Christopher Columbus’s Voyages to the Americas

The westward voyages of Christopher Columbus (1451–1506), a native of Genoa, embodied a long-standing Genoese ambition to circumvent Venetian, and then Portuguese, domination of eastward trade. Columbus was knowledgeable about the sea. He had worked as a mapmaker, and he was familiar with the most advanced navigational innovations of his day. The success of his first voyage to the Americas, which took him across the Atlantic to the Caribbean in thirty-three days, owed a great deal to his seamanship.

Columbus was also a deeply religious man. He had witnessed the Spanish conquest of Granada and shared fully in the religious and nationalistic fervor surrounding that event. Like the Spanish rulers and most Europeans of his age, he understood Christianity as a missionary religion that should be carried to places where it did not exist.

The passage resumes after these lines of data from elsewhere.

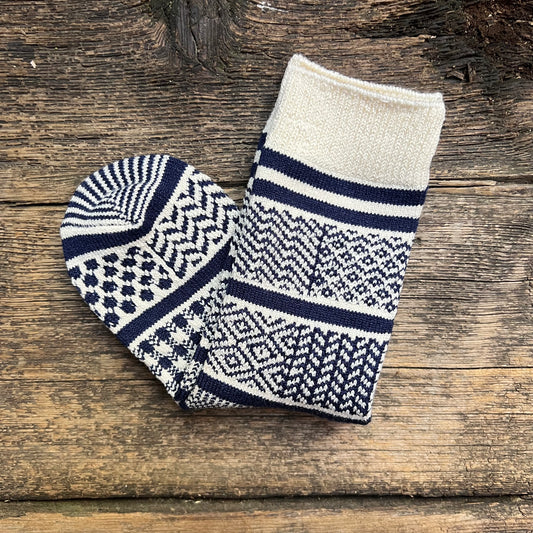 Kid's Multi Jacquard Crew Socks, Navy
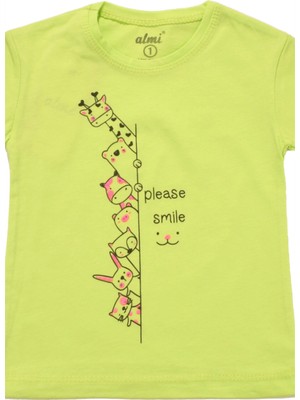 Canix Kids Smile Baskılı Kız Tshirt Yeşil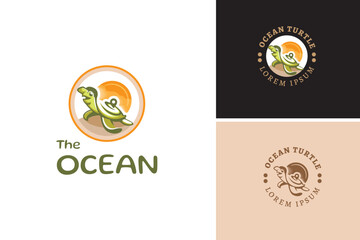 Funny turtle mascot logo design creative concept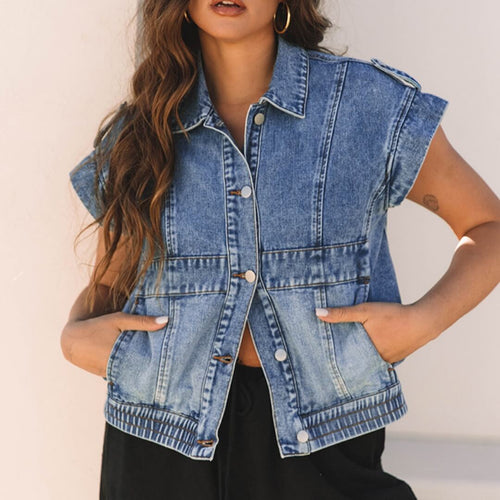 Single Breasted Denim Vest Coat | Women Denim Sleeveless Coat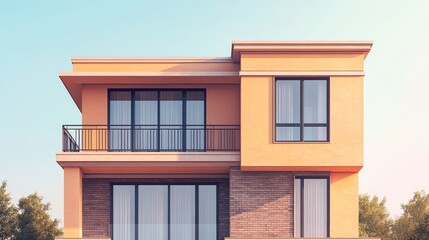 Fototapeta premium Modern Two-Story House With Large Windows and Balcony in a Suburban Neighborhood During Bright Daylight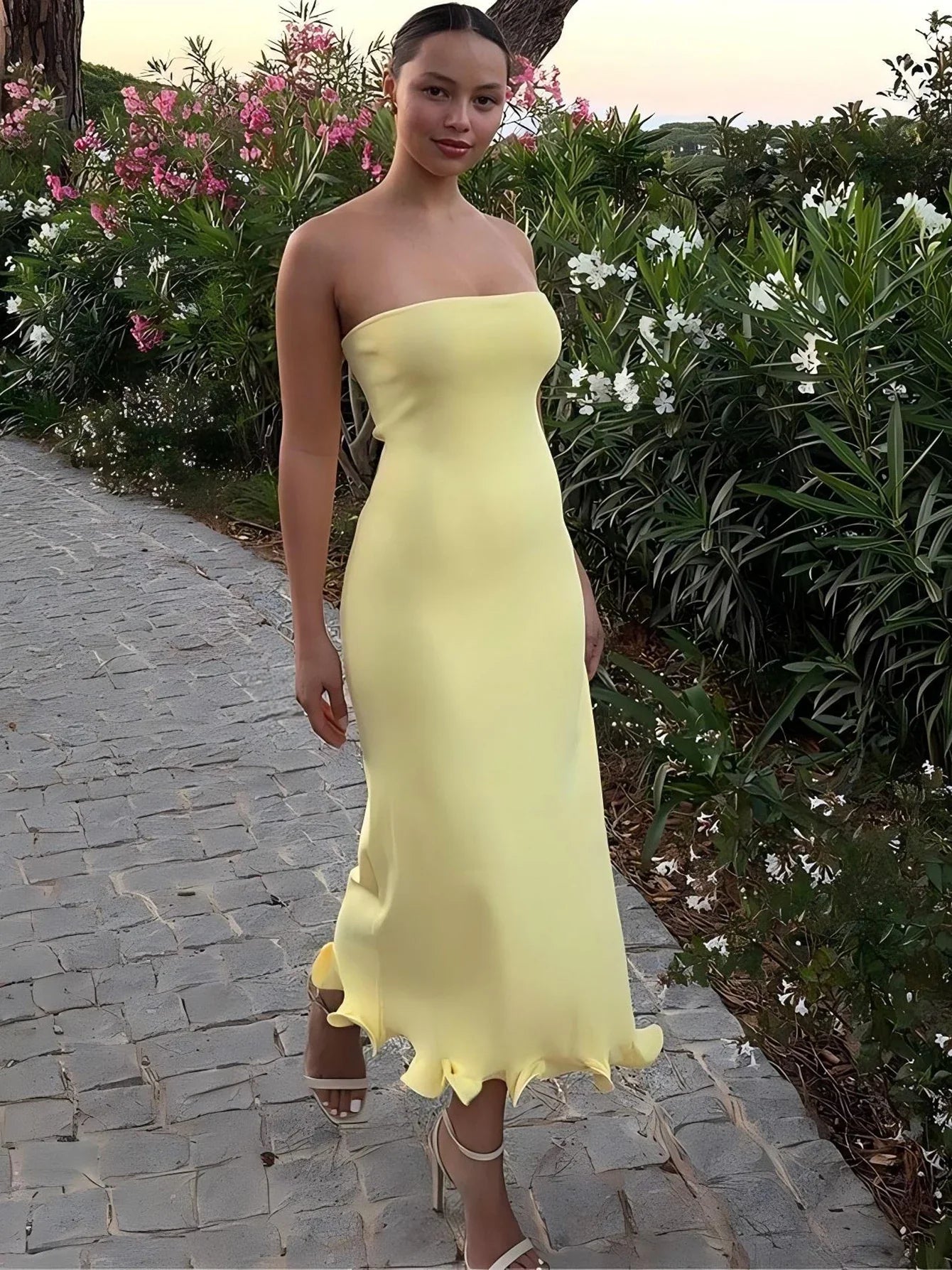 Dulzura Sleeveless Ruffles Patchwork Strapless Bodycon Midi Dress for Women Elegant Solid Sexy Party and Clubwear for Autumn and Winter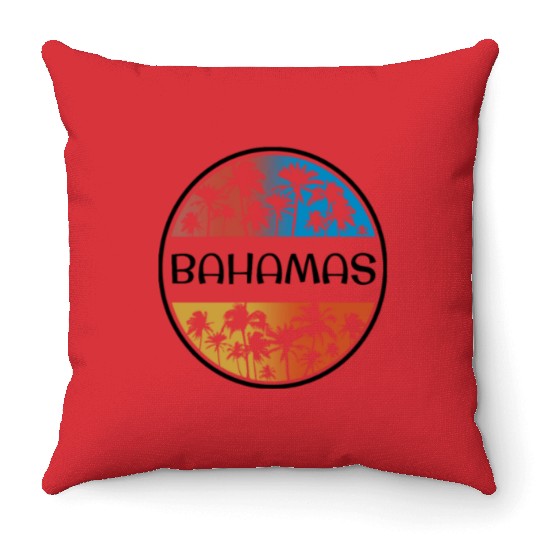 Bahamas Palm Tree Stylish Vacation Souvenir Throw Pillows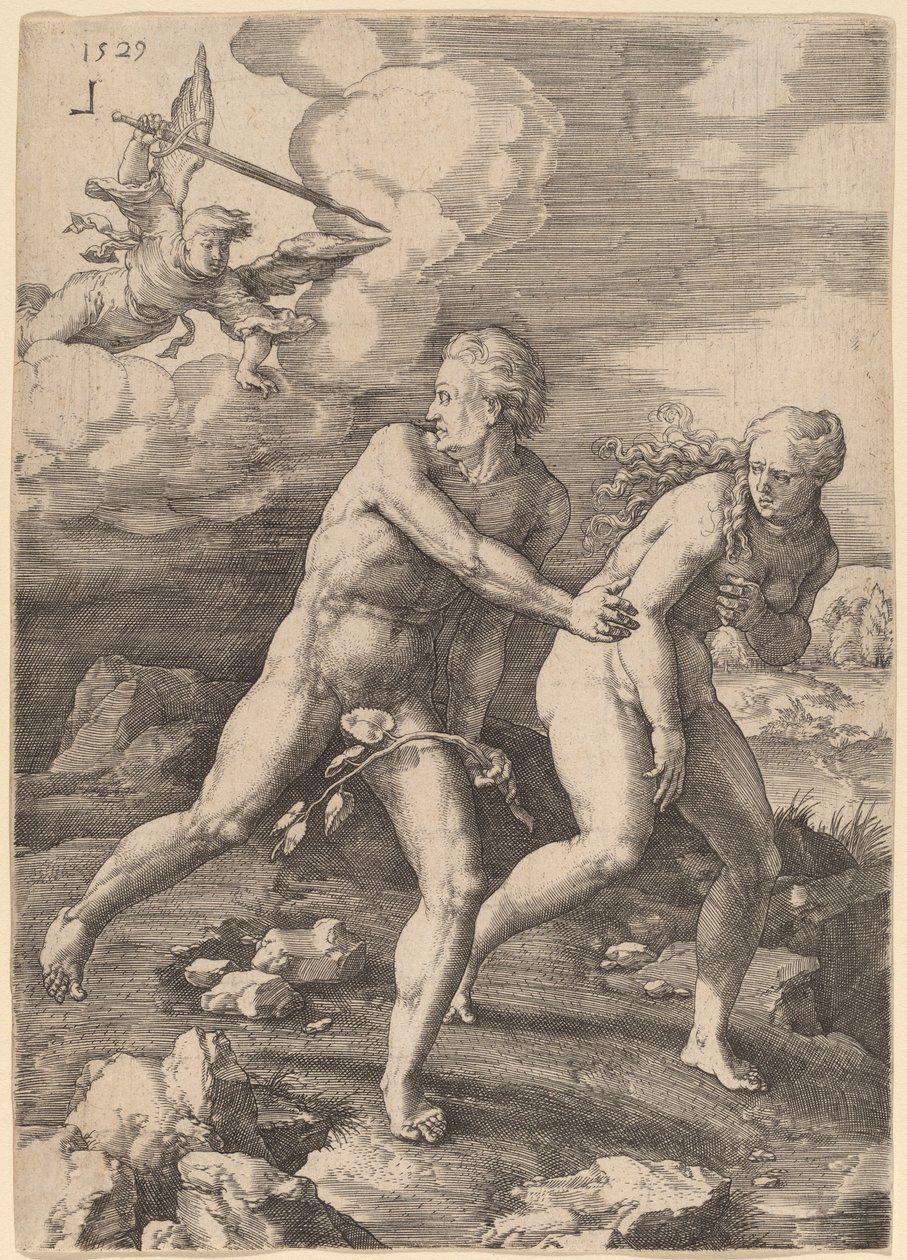 Wypędzenie z raju autorstwa Lucas van Leyden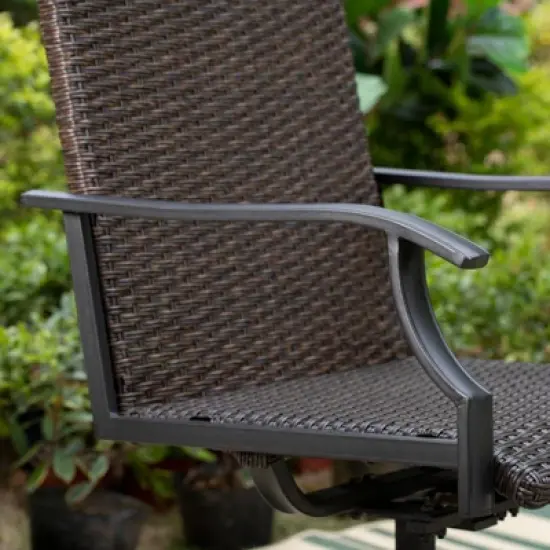 5pc Patio Dining Set wh 360 Swivel Chairs & Square Plastic Tabletop - Captiva Designs image {9}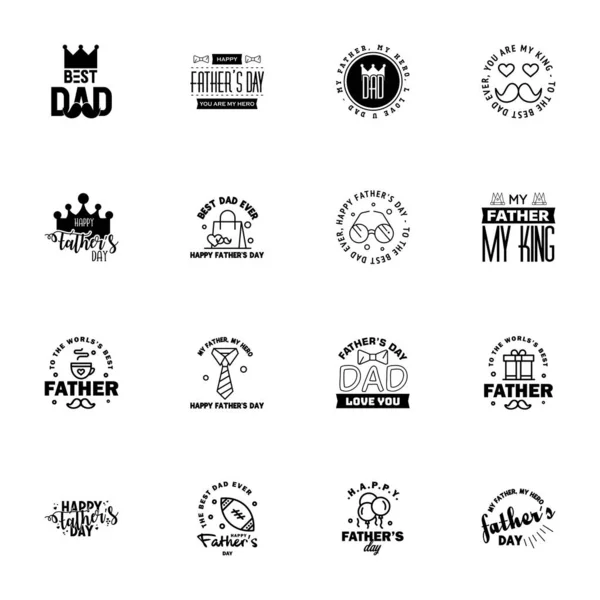 Set Happy Fathers Day Elemente Schwarz Vektorillustration Editierbare Vektordesign Elemente — Stockvektor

Columbus’s First Voyage to the New World, 1492–1493

Although the spread of Christianity was an important goal, Columbus’s primary objective was to find a direct ocean trading route to Asia. Inspired by the stories of Mandeville and Marco Polo, Columbus also dreamed of reaching the court of the Mongol emperor, the Great Khan (not realizing that the Ming Dynasty had overthrown the Mongols in 1368). Based on Ptolemy’s Geography and other texts, he expected to pass the islands of Japan and then land on the east coast of China.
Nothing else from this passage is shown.